Saved entries:
* * * *

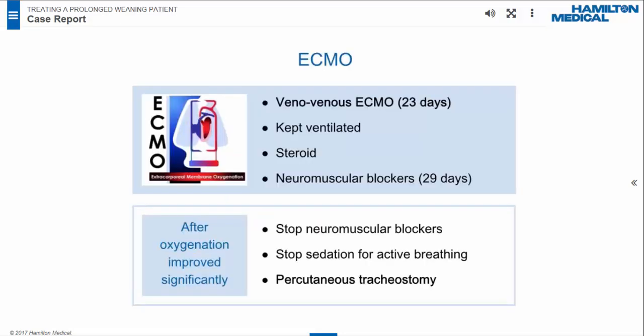The patient was placed on veno-venous ECMO and transferred to an ECMO center. His ECMO treatment lasted 23 days. Throughout this period, the patient was sedated and mechanically ventilated with small tidal volumes. Steroids were administered to treat post-ARDS pulmonary fibrosis according to the Metairie protocol. Neuromuscular blocker agents were used for 29 days and stopped after significant oxygenation improvement. After withdrawal of sedation, spontaneous breathing resumed. The patient was ventilated in spontaneous mode, a percutaneous tracheostomy was performed, and he was returned to our ICU for weaning.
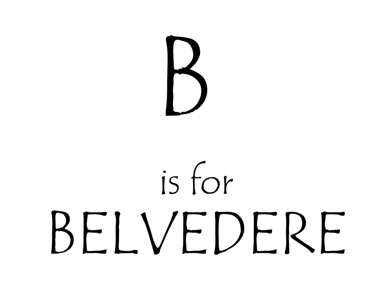So there you have it. B is for Belvedere. Until next time, get outside, go for a walk, and keep your head up.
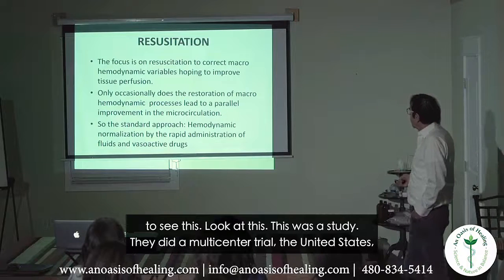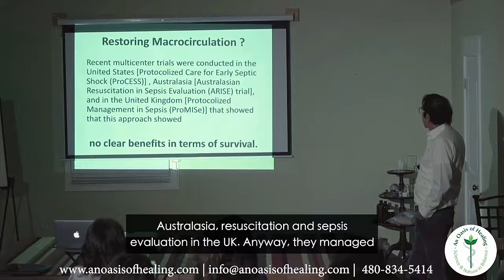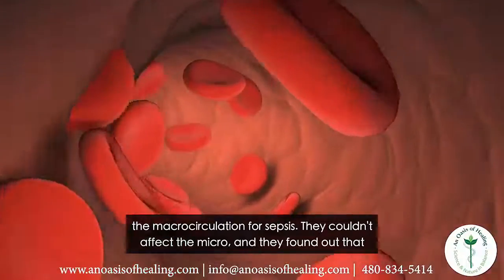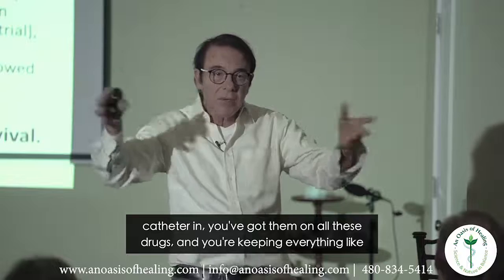I want you to see this — there was a multi-center trial in the United States, Australia, and the UK: the Resuscitation and Sepsis Evaluation study. They managed the macrocirculation for sepsis. They couldn't affect the micro, and they found out that there was no clear benefit in terms of survival. So you've got the Swan-Ganz catheter in, you've got them on all these drugs, keeping everything managed — and it doesn't help.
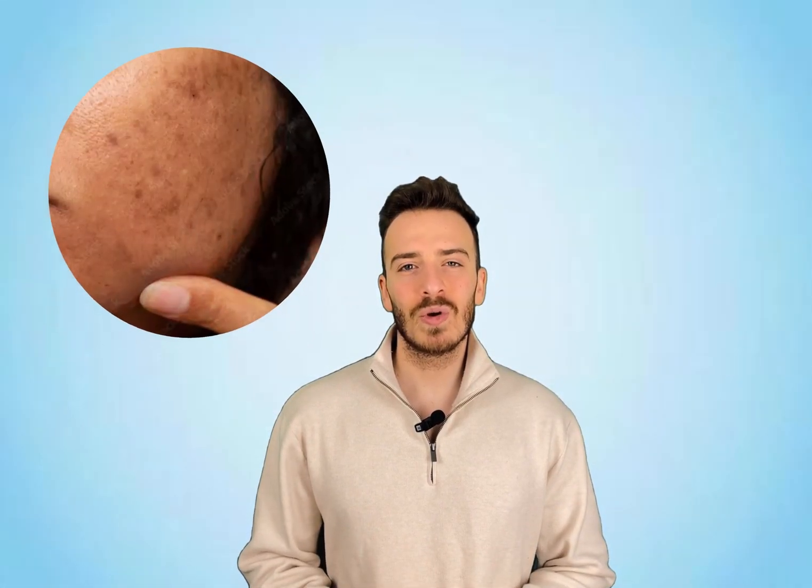Struggling with dark spots or acne marks? Let's talk about thiamidol, the new buzzword in skincare. What is it? How does it work? And is it worth the hype? In this video, I'll break it all down. We'll cover how thiamidol targets pigmentation, why it's safer than older treatments, and how to use it for the best results. Plus, quick tips on what to pair it with and what to avoid. Ready to clear up the confusion? Let's dive in.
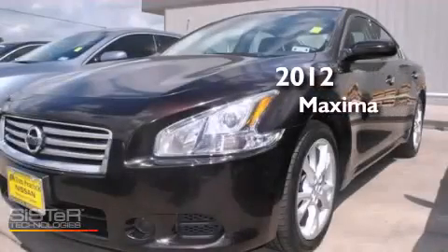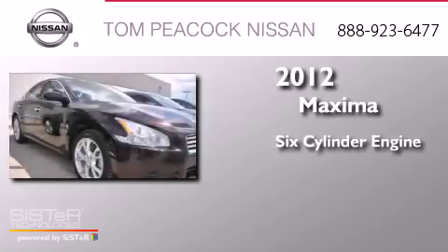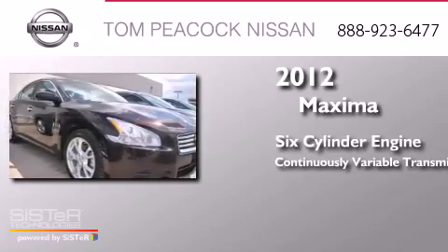This is a 2012 Nissan Maxima. It has a six-cylinder engine and a continuous variable transmission.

* * * *

• **Task statement**
Please repeat the records above word for word, and do not include the pictures.

• **Answer to this problem**
The patient was placed on veno-venous ECMO and transferred to an ECMO center. His ECMO treatment lasted 23 days. Throughout this period, the patient was sedated and mechanically ventilated with small tidal volumes. Steroids were administered to treat post-ARDS pulmonary fibrosis according to the Metairie protocol. Neuromuscular blocker agents were used for 29 days and stopped after significant oxygenation improvement. After withdrawal of sedation, spontaneous breathing resumed. The patient was ventilated in spontaneous mode, a percutaneous tracheostomy was performed, and he was returned to our ICU for weaning.
So there you have it. B is for Belvedere. Until next time, get outside, go for a walk, and keep your head up.
I want you to see this — there was a multi-center trial in the United States, Australia, and the UK: the Resuscitation and Sepsis Evaluation study. They managed the macrocirculation for sepsis. They couldn't affect the micro, and they found out that there was no clear benefit in terms of survival. So you've got the Swan-Ganz catheter in, you've got them on all these drugs, keeping everything managed — and it doesn't help.
Struggling with dark spots or acne marks? Let's talk about thiamidol, the new buzzword in skincare. What is it? How does it work? And is it worth the hype? In this video, I'll break it all down. We'll cover how thiamidol targets pigmentation, why it's safer than older treatments, and how to use it for the best results. Plus, quick tips on what to pair it with and what to avoid. Ready to clear up the confusion? Let's dive in.
This is a 2012 Nissan Maxima. It has a six-cylinder engine and a continuous variable transmission.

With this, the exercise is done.